Generally, a shareholder may assert appraisal rights only if the shareholder seeks appraisal rights with respect to all of his, her or its shares of SofTech’s common stock. A shareholder of record for more than one beneficial shareholder may assert appraisal rights with respect to fewer than all of the shares registered in such shareholder of record’s name, provided that such shareholder of record notifies SofTech in writing of the name and address of each beneficial shareholder on whose behalf such shareholder of record is asserting appraisal rights and, with respect to each such beneficial shareholder, appraisal rights are asserted in respect of all shares of SofTech’s common stock owned by the beneficial shareholder. A beneficial shareholder may assert appraisal rights as to shares of SofTech’s common stock only if he, she or it (i) submits to SofTech the shareholder of record’s written consent to the assertion of such rights not fewer than 40 nor more than 60 days after SofTech sends out the written appraisal notice described below, and (ii) asserts such appraisal rights with respect to all of his, her or its shares of SofTech’s common stock. SofTech shareholders who hold their shares in brokerage accounts or other nominee forms and who wish to exercise appraisal rights are urged to consult with their brokers or other nominees to determine the appropriate procedures for the making of a demand for appraisal by the nominee.
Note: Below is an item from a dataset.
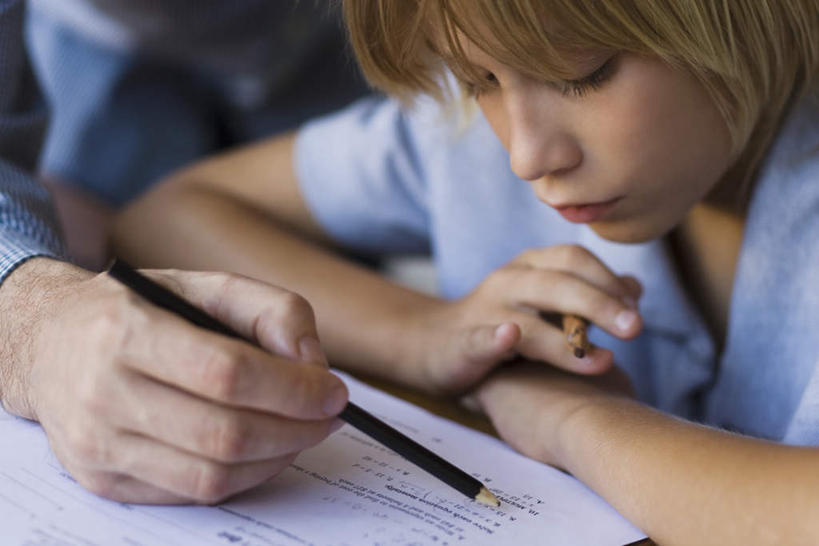 西方人,儿童,手,两个人,教师,站,坐,说,横图,室内,特写,白天,正面,讨论,纯洁,桌子,欧洲,欧洲人,握,笔,注视,书桌,小孩,课桌,观察,看,站着,教室,手部,可爱,童年,童趣,握着,观看,指导,察看,关注,童真,烂漫,无邪,辅导,交流,天真,男孩,男人,男性,年轻男性,白种人,孩子,讲师,教授,老师,沟通,讲话,交谈,商讨,说话,谈话,站立,坐着,半身,彩图,男生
Appraisal Notice and Form. If the Asset Sale is completed, within 10 days after the effective date of the Asset Sale, SofTech will deliver a written appraisal notice and a form containing certain information to all shareholders who have properly demanded appraisal rights. The appraisal notice will include a copy of Sections 13.01 through 13.31 of the MBCA and a form that specifies the date of the first announcement to shareholders of the principal terms of the Asset Sale. The form will require the shareholder asserting appraisal rights to certify (i) whether or not beneficial ownership of the shares for which appraisal rights are asserted were acquired before the date of the first announcement of the Asset Sale and (ii) that the shareholder did not vote, or cause or permit to be voted, any of his, her or its shares of SofTech’s common stock in favor of the Asset Sale. The form provided with the appraisal notice will state:


·

where the form must be returned, where certificates for shares must be deposited and the date by which such certificates must be deposited;

·

the date on which the form is due, which will not be fewer than 40 nor more than 60 days after the date the appraisal notice and form are sent, and notice that the shareholder shall have waived the right to demand appraisal with respect to such shares unless the form is received by the specified date;

·

SofTech’s estimate of the “fair value” of the shares of SofTech’s common stock, as determined in accordance with the MBCA, as described below;

·

that, if requested in writing, SofTech will provide within 10 days after the date on which all forms are due, the number of shareholders who have returned the forms and the total number of shares owned by such shareholders; and

·

the date by which the shareholder may withdraw his, her or its notice of intent to demand appraisal rights, which date will be within 20 days after the date on which all forms are due.


Fair Value Determination. Under the MBCA, “fair value” of the shares of SofTech’s common stock with respect to which appraisal rights are exercised means, for all purposes of the appraisal rights process, the value of the shares immediately before the effective date of the asset sale, excluding any element of value arising from the expectation or accomplishment of the asset sale unless exclusion would be inequitable.


Perfection of Rights. A SofTech shareholder who wishes to exercise appraisal rights shall execute and return the form provided, with all certifications completed, and deposit such shareholder’s certificates representing his, her or its shares of SofTech’s common stock in accordance with the terms of the notice. Once a shareholder deposits such stock certificates, the shareholder loses all rights as a shareholder of SofTech unless the shareholder withdraws his, her or its election in accordance with the withdrawal procedures summarized below. If a shareholder fails to make the certification on the appraisal form that such shareholder acquired the shares before the date of the first announcement of the Asset Sale, SofTech may elect to treat the shareholder’s shares as “after-acquired shares,” as described below.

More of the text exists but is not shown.